PPP Expense Deductibility and Second Draw Options for Eligible Entities

The Consolidated Appropriations Act, 2021 (the “Act”) was passed by Congress on December 21, 2020 and awaits the President’s signature. The Act includes changes to the original Paycheck Protection Program (“PPP”) as well as a second draw for small business that experienced a 25% or greater decline in gross receipts. The applicable highlights are discussed herein.

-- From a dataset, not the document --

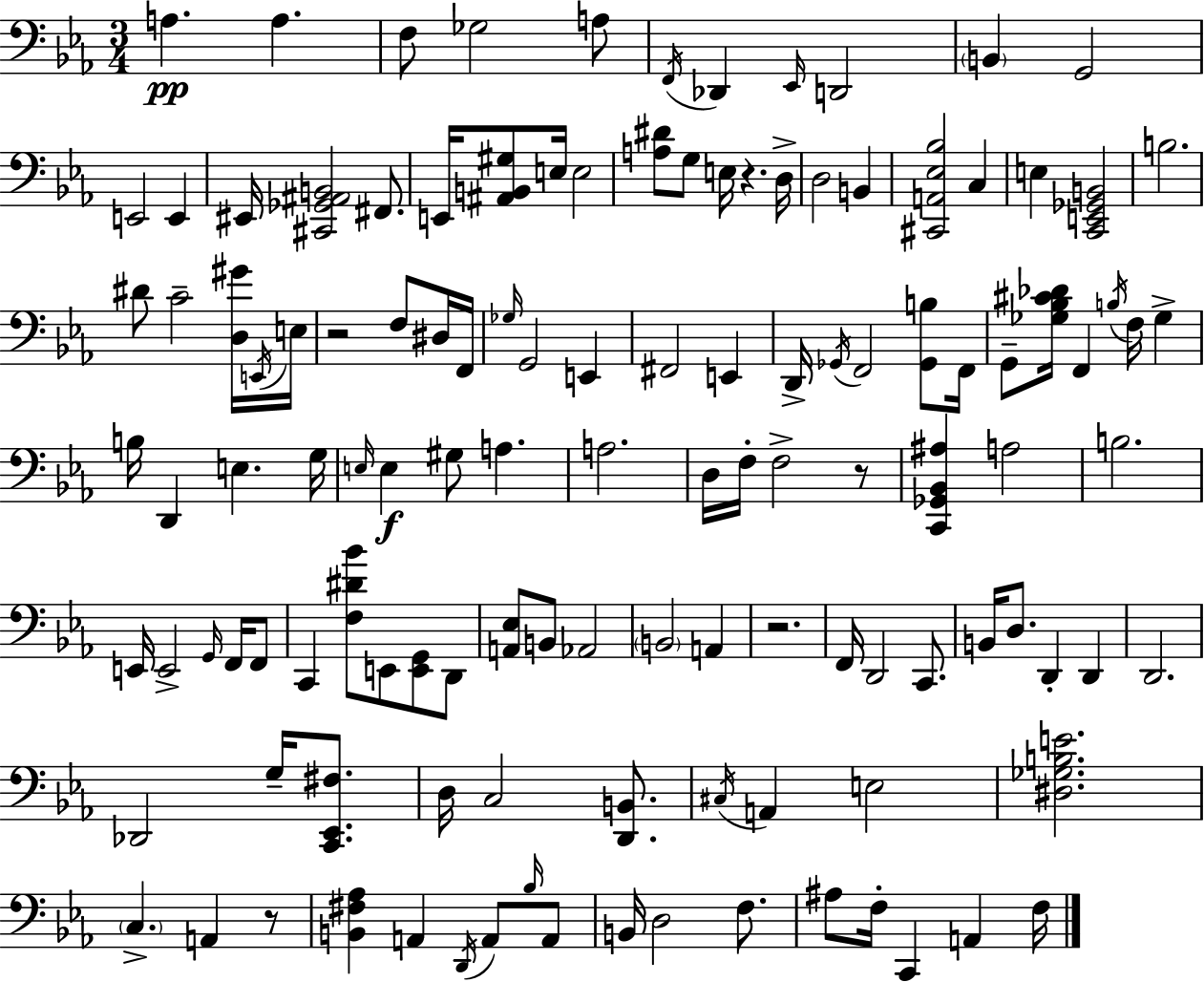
A3/q. A3/q. F3/e Gb3/h A3/e F2/s Db2/q Eb2/s D2/h B2/q G2/h E2/h E2/q EIS2/s [C#2,Gb2,A#2,B2]/h F#2/e. E2/s [A#2,B2,G#3]/e E3/s E3/h [A3,D#4]/e G3/e E3/s R/q. D3/s D3/h B2/q [C#2,A2,Eb3,Bb3]/h C3/q E3/q [C2,E2,Gb2,B2]/h B3/h. D#4/e C4/h [D3,G#4]/s E2/s E3/s R/h F3/e D#3/s F2/s Gb3/s G2/h E2/q F#2/h E2/q D2/s Gb2/s F2/h [Gb2,B3]/e F2/s G2/e [Gb3,Bb3,C#4,Db4]/s F2/q B3/s F3/s Gb3/q B3/s D2/q E3/q. G3/s E3/s E3/q G#3/e A3/q. A3/h. D3/s F3/s F3/h R/e [C2,Gb2,Bb2,A#3]/q A3/h B3/h. E2/s E2/h G2/s F2/s F2/e C2/q [F3,D#4,Bb4]/e E2/e [E2,G2]/e D2/e [A2,Eb3]/e B2/e Ab2/h B2/h A2/q R/h. F2/s D2/h C2/e. B2/s D3/e. D2/q D2/q D2/h. Db2/h G3/s [C2,Eb2,F#3]/e. D3/s C3/h [D2,B2]/e. C#3/s A2/q E3/h [D#3,Gb3,B3,E4]/h. C3/q. A2/q R/e [B2,F#3,Ab3]/q A2/q D2/s A2/e Bb3/s A2/e B2/s D3/h F3/e. A#3/e F3/s C2/q A2/q F3/s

Sec. 276 – Original Paycheck Protection Program

• Tax Deductibility of PPP Expenses
The Act establishes that no amount shall be included in the gross income of the eligible recipient by reason of forgiveness of PPP loan AND no deduction shall be denied, no tax attribute shall be reduced, and no basis increase shall be denied, by reason of the exclusion from gross income, thus superseding recently issued Revenue Ruling 2020-27 related to the deductibility of expenses associated with loan forgiveness. This treatment applies to the original PPP loan, second or subsequent PPP loan, and EIDL Advances
• New PPP Eligible Expenses
The Act provided for additional expenses that can be treated as eligible expenses to qualify for loan forgiveness. These expenses do not apply to loans for which the borrower has already received forgiveness as of December 21, 2020. However, the 60% payroll threshold has not been adjusted so these additional costs would be included with other non-payroll costs up to 40% of the loan amount.
o Covered Operations Expenditure
-software or cloud computing service that facilitates business operations; product or service delivery; the processing, payment, or tracking of payroll expenses; human resources; sales and billing functions; or accounting or tracking of supplies, inventory, records, and expenses.
o Covered Property Damage Cost
-property damage and vandalism or looting due to public disturbances that occurred during 2020 that was not covered by insurance or other compensation.
o Covered Supplier Cost
-expenditure made by an entity to a supplier of goods for the supply of goods that
• are essential to the operations of the entity at the time at which the expenditure is made;
• is made pursuant to a contract, order, or purchase order—
i. in effect at any time before the covered period with respect to the applicable covered loan; OR
ii. with respect to perishable goods, in effect before or at any time during the covered period with respect to the applicable covered loan;
o Covered Worker Protection
-purchase, maintenance, or renovation of assets that create or expand protection (e.g. drive-through window facility; an indoor, outdoor, or combined air or air pressure ventilation or filtration system; a physical barrier such as a sneeze guard; an expansion of additional indoor, outdoor, or combined business space, an onsite or offsite health screening capability)
-particulate filtering face piece respirators

Sec. 307 – Simplified Forgiveness Application

Loans up to $150,000 may use a simplified forgiveness application likely following the existing process with Form 3508EZ

Sec. 311 – Paycheck Protection Program Second Draw Loans

The Act provided an additional draw for an ‘eligible entity’ which generally includes any business concern, nonprofit organization, housing cooperative, veteran’s organization, Tribal business concern, eligible self-employed individual, sole proprietor, independent contractor, or small agricultural cooperative that—

• employs not more than 300 employees; and
• had a 25% of greater decrease in gross receipts during the first, second, third, or fourth quarter compared to the same quarter in 2019.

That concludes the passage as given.